De Séoul à Washington en passant par Tokyo, ce (rare) signal favorable émis depuis Pyongyang ne trouve pas pour autant que des partisans exaltés. La magie olympique de Pyeongchang et la présence de quelques graciles prêtresses de Pyongyang dans les enceintes sportives n’agît pas avec le même profit sur l’ensemble des acteurs. Il n’est pour s’en convaincre qu’à observer les mines fermées et sévères offertes sur le même cliché par le vice-président américain Mike Pence et le chef de gouvernement nippon Shinzo Abe, assis lors de la cérémonie d’ouverture des JO à quelques pas d’un Moon Jae-in souriant… et à quelques mètres à peine de la plus insolite des spectatrices et invitées du jour, la jeune Kim Yo-jong, une Iris visiblement plus enjouée par l’événement et détendue que ses voisins nord-américains et japonais.

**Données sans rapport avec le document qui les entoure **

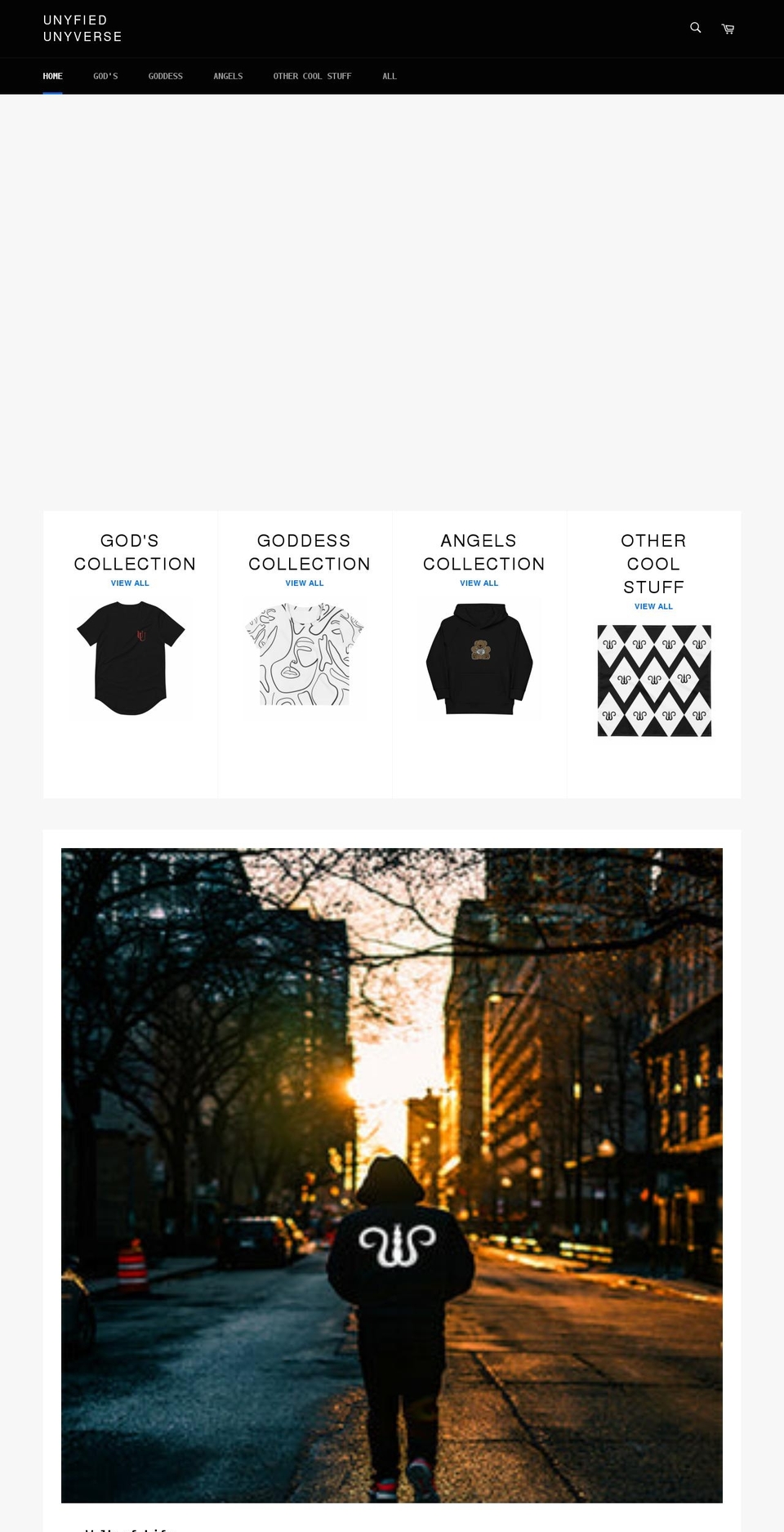 unyfiedunyverse.com shopify website screenshot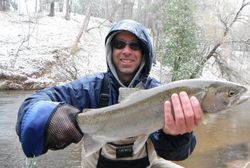 A person fishing in Baldwin, having a great time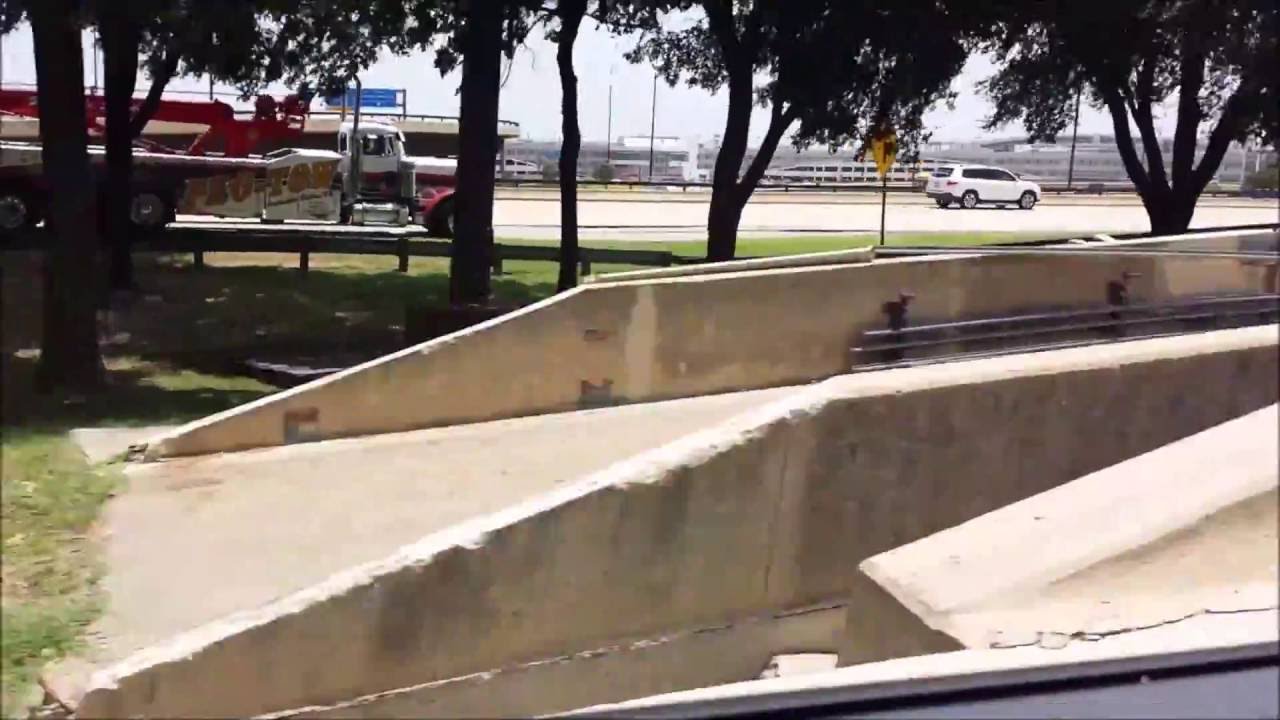 Car on old DFW Airport Train Airtrans guideway - YouTube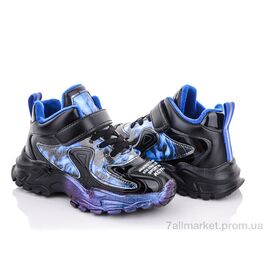 Фотография Кроссовки детские модные Весна/осень A2032 black-blue (10 пар р.27-31) "SANLIN" недорого оптом от прямого поставщика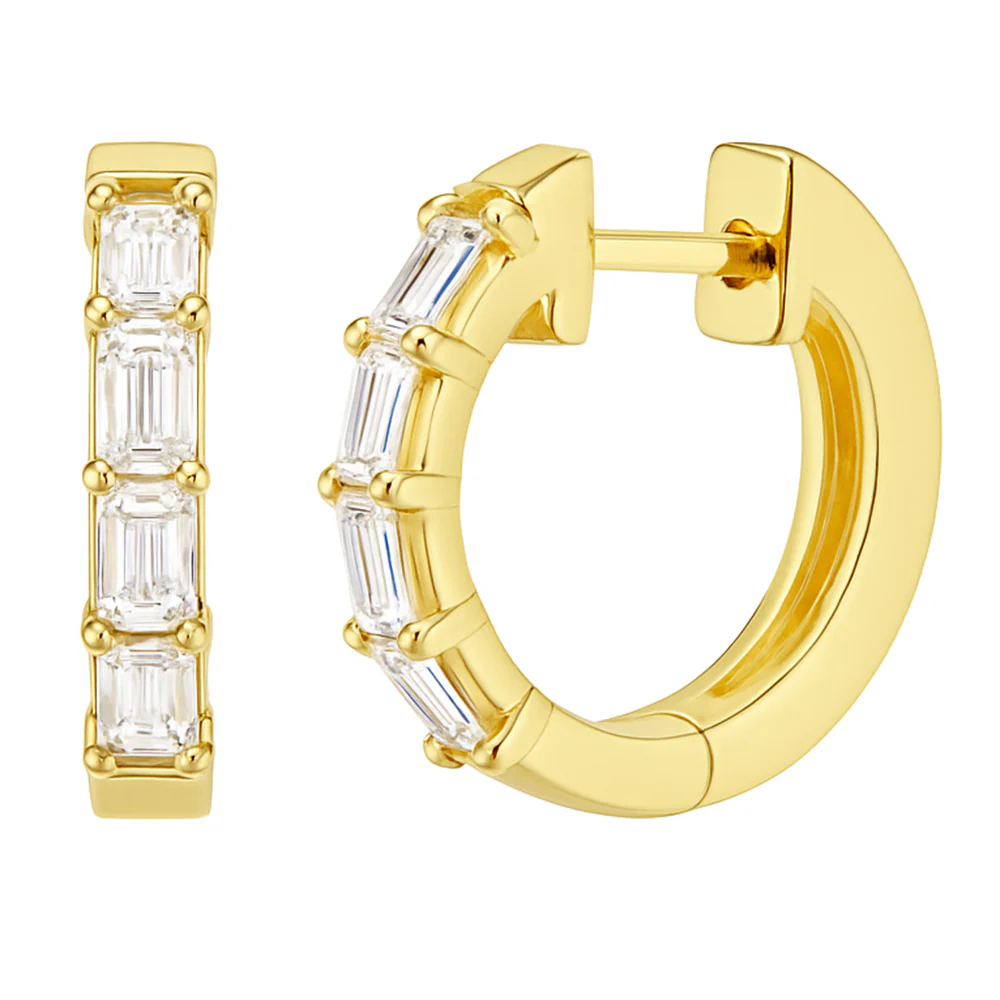 <span style="color:purple">SPECIAL!</span> .93ct G SI 14kt Yellow Gold Emerald Cut Diamond Hoop Huggie Earrings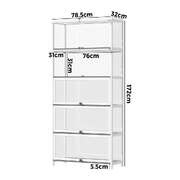 Display Cabinet 5 Tiers Clear Door White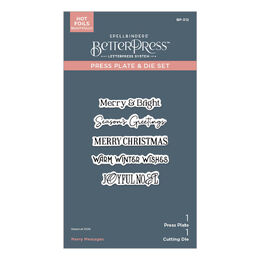 Spellbinders Press Plate & Die Set - Wonderland Collection - Merry Messages BP-312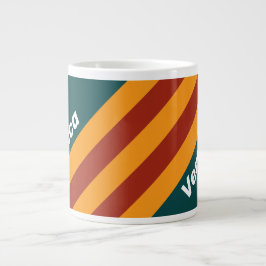Taza De Café Gigante Rayas de Salpicadura de Verde Teal Oscuro Retro co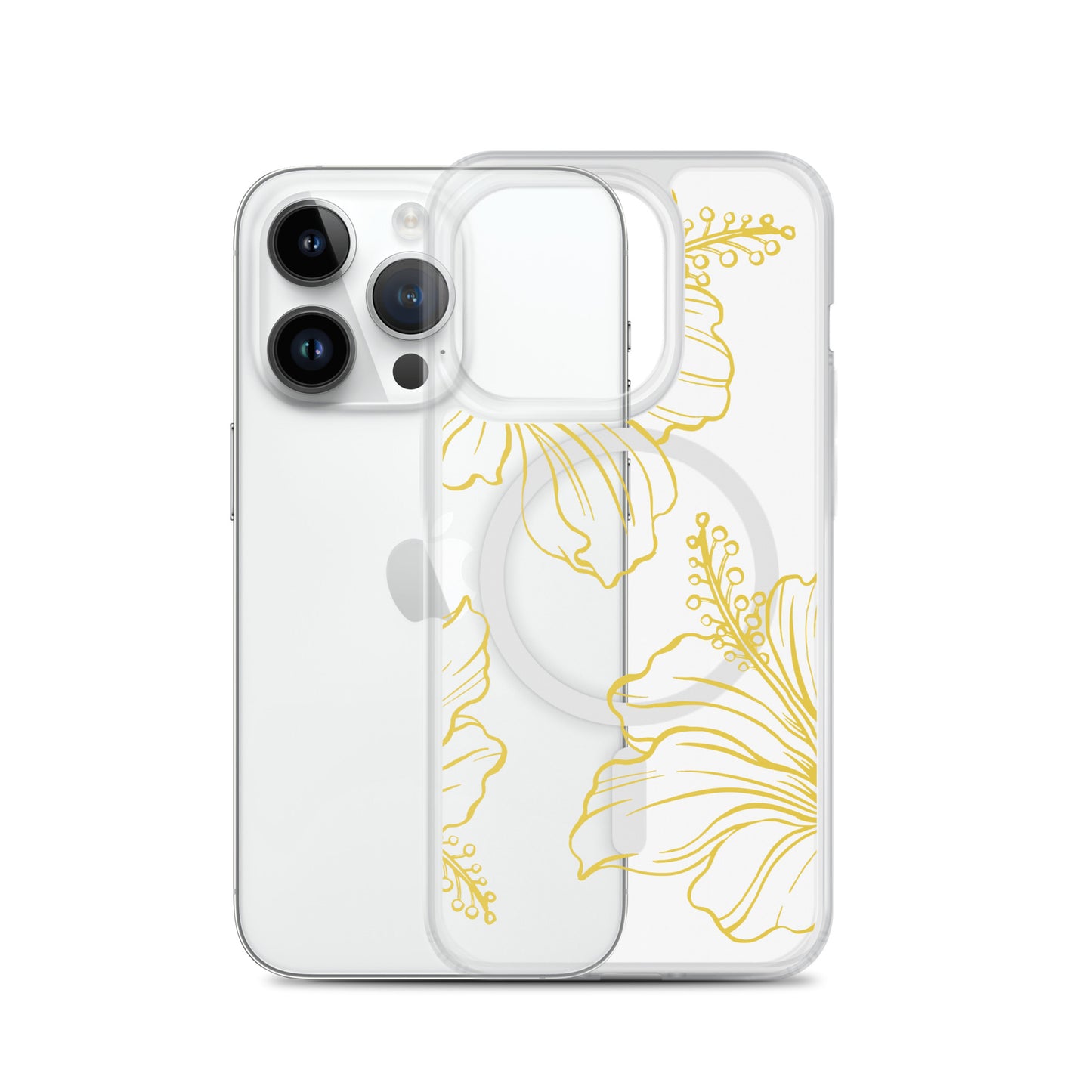 Gold Hibiscus MagSafe® clear case for iPhone 14-16 models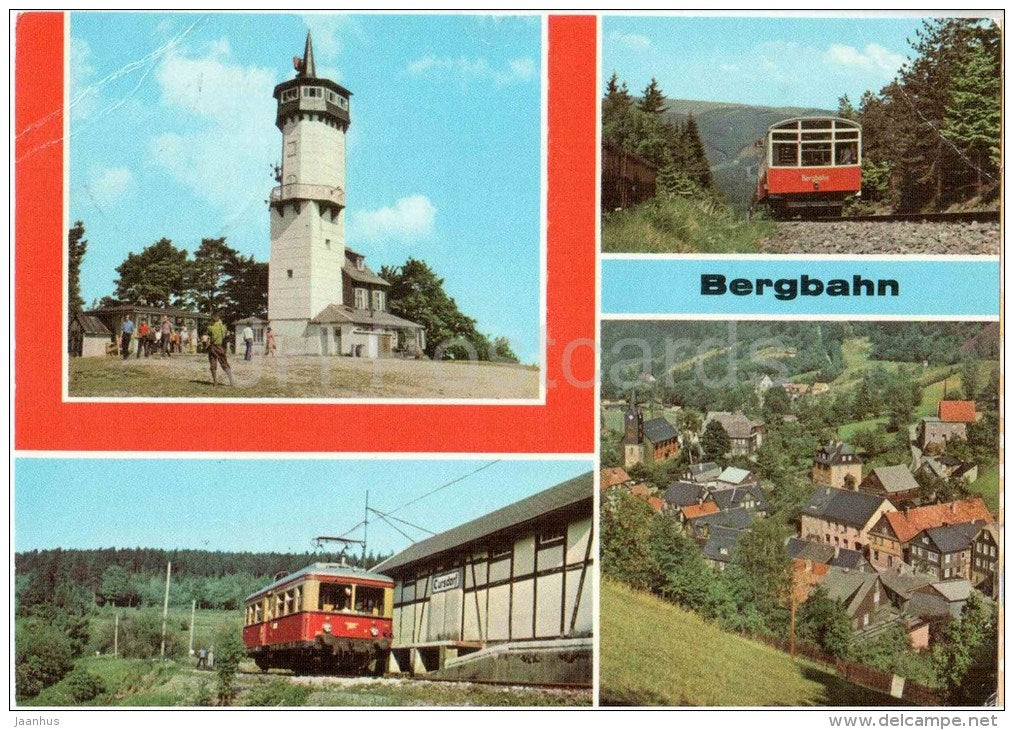 Oberweissbach - Fröbelturm, Bergbahn, Cursdorf Bergbahn-Flachstrecke, Mellenbach-Glasbach - Germany - 1982 gelaufen - JH Postcards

Au sein de l’intelligentsia et de l’opinion publique sud-coréenne, le scepticisme sur les véritables intentions du régime nord-coréen prévaut, en phase avec la Maison Blanche et son vitupérant locataire du moment. Donald Trump avait confié à son émissaire Mike Pence le soin de convaincre Moon Jae-in de la nécessité d’une approche unifiée entre Séoul et Washington du dossier nucléaire nord-coréen, de souligner l’importance d’un partenariat stratégique américano-sud-coréen sur les grandes thématiques politiques et sécuritaires du moment, de rappeler au locataire de la Maison Bleue que par le passé, aucun des engagements pris par le Nord n’a été tenu et, last but not least, de signifier aux autorités sud-coréennes que Pyongyang s’emploie ces dernières semaines à éprouver l’axe Séoul–Washington dans le dessein d’éloigner la première de la seconde. Une orientation délicate dont les spécialistes aiment à penser qu’elle profiterait essentiellement à l’agenda de la RPDC.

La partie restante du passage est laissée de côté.